A generalized solving method

Advanced methods and approaches for solving Sudoku puzzles

A generalized solving method

Postby kitwoolsey » Sat Feb 10, 2007 6:47 am

The following approach is a way of representing a puzzle which encompasses most of the advanced solving techniques. Using this method I have been able to solve all but the most difficult puzzles, usually needing nothing more than simple inferences.

This article can also be read as an html file, in a more readable form with the text on the side of the diagrams. Click HERE
to get the web page.

I would like to thank Paul Stephens and GreenLantern for their invaluable help analyzing my approach and showing me how to present it on the forum.


The general concept is to label pairs of candidate numbers which appear only twice in a row, column, or box with letter pairs: AB, CD, EF, etc. Similarly, if a cell has only two candidates these candidates can be labeled with the letter pairs.
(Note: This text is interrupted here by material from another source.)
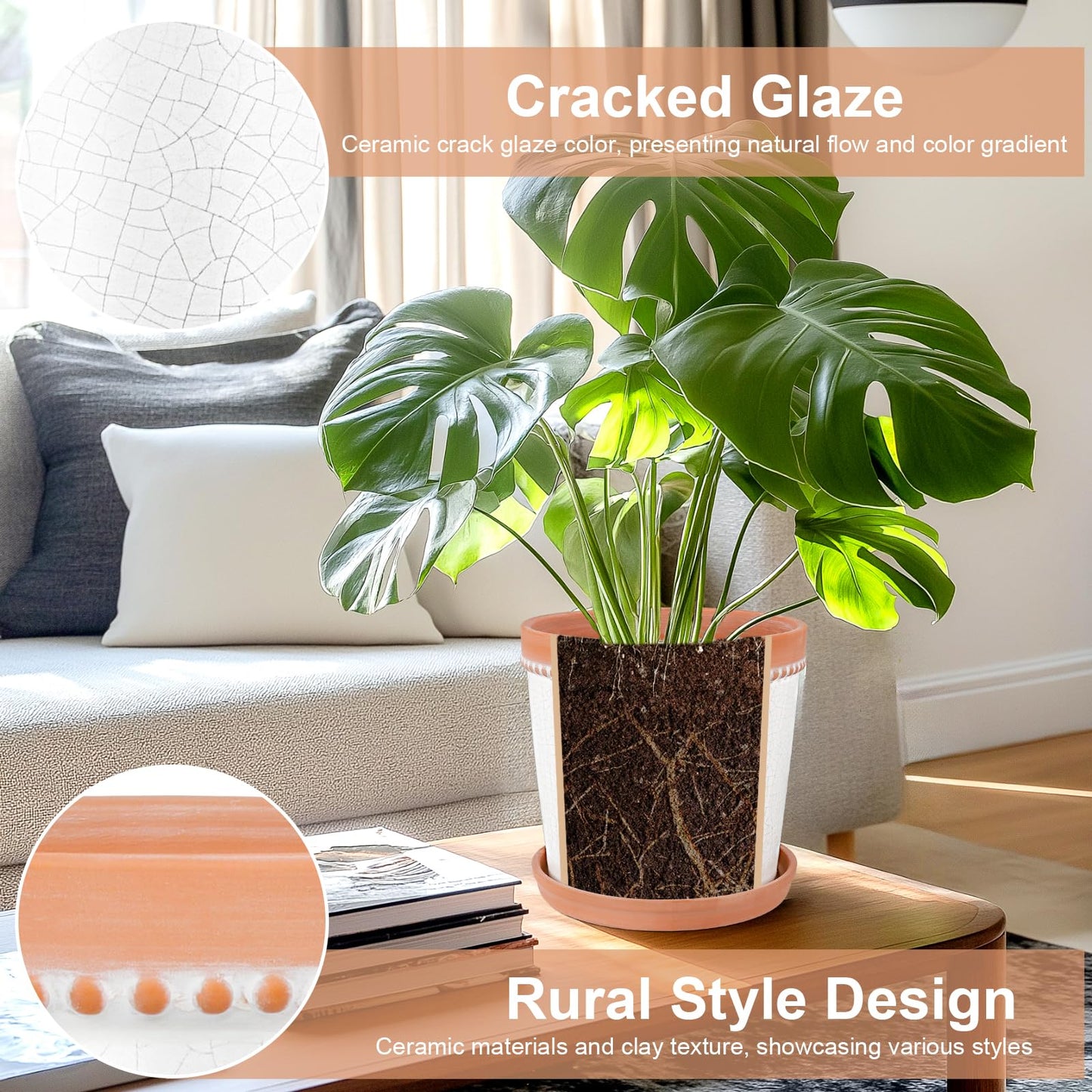 KERUITA 8 Inch Ceramic Plant Pot with Drainage and Saucer – Crackle Glaze White, Large House Plant Pot, Planters for Indoor Plants, Pots for Indoor Plants, Decorative Ceramic Pot for Home & Office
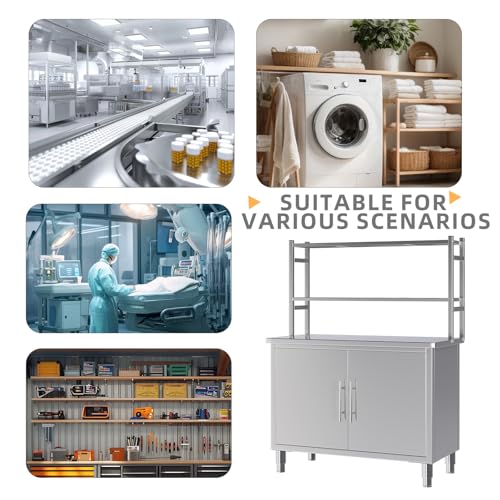 Image of 40''x20'' Stainless Steel Commercial Worktable, Kitchen Prep Table Steel Countertop with Adjustable Tier & Cabinet Shelf Work Table Workbench for Home Restaurant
The labeling for a given letter pair can continue as far as possible, branching out to other rows, columns, or boxes. For a given letter pair, either all candidates labeled with the first letter are true and all candidates labeled with the second letter are false, or vice versa. The intertwining of these labeled candidates will produce conclusions which otherwise are not immediately obvious.


-> means implies
~A means A is false
~AC means that both A and C being true is not the case
AvC means that either A or C (maybe both) is the case
A iff C means A if and only if C

Here are some of the simple inferences which often occur:

1) By the way the labeling is constructed, for letter pairs we have ~AB and AvB (thus A or B is true, but not both).

2) If two labeled candidates of the same number are in the same row, column, or box then these two labels cannot both be true. Similarly if two labeled candidates are in the same cell, then these two labels cannot both be true. For example, if we have in a given cell:


Then we know that ~AC.

3) If we have ~AC and ~BE, it follows that ~CE. Proof: C -> ~A -> B -> ~E

4) If we have only two labeled candidates of the same number in a given row, column, or box, or only two labeled candidates in a given cell, then these labels must be letter pairs. For example:


If the cell contains only these candidates, then C = B, D = A, and we can replace all C’s and D’s with B and A respectively.

5) If we determine that ~AC and ~BD, we can conclude that D = A, C = B, and can replace all C’s and D’s with B and A respectively. Proof: C -> ~A -> B. ~C -> D -> ~B. Hence C iff B, so they are equivalent.

6) If we determine that ~AC and ~BC, we can conclude that ~C, therefore D. So all D’s are true, and all C’s are false. This is of course the nicest conclusion to find.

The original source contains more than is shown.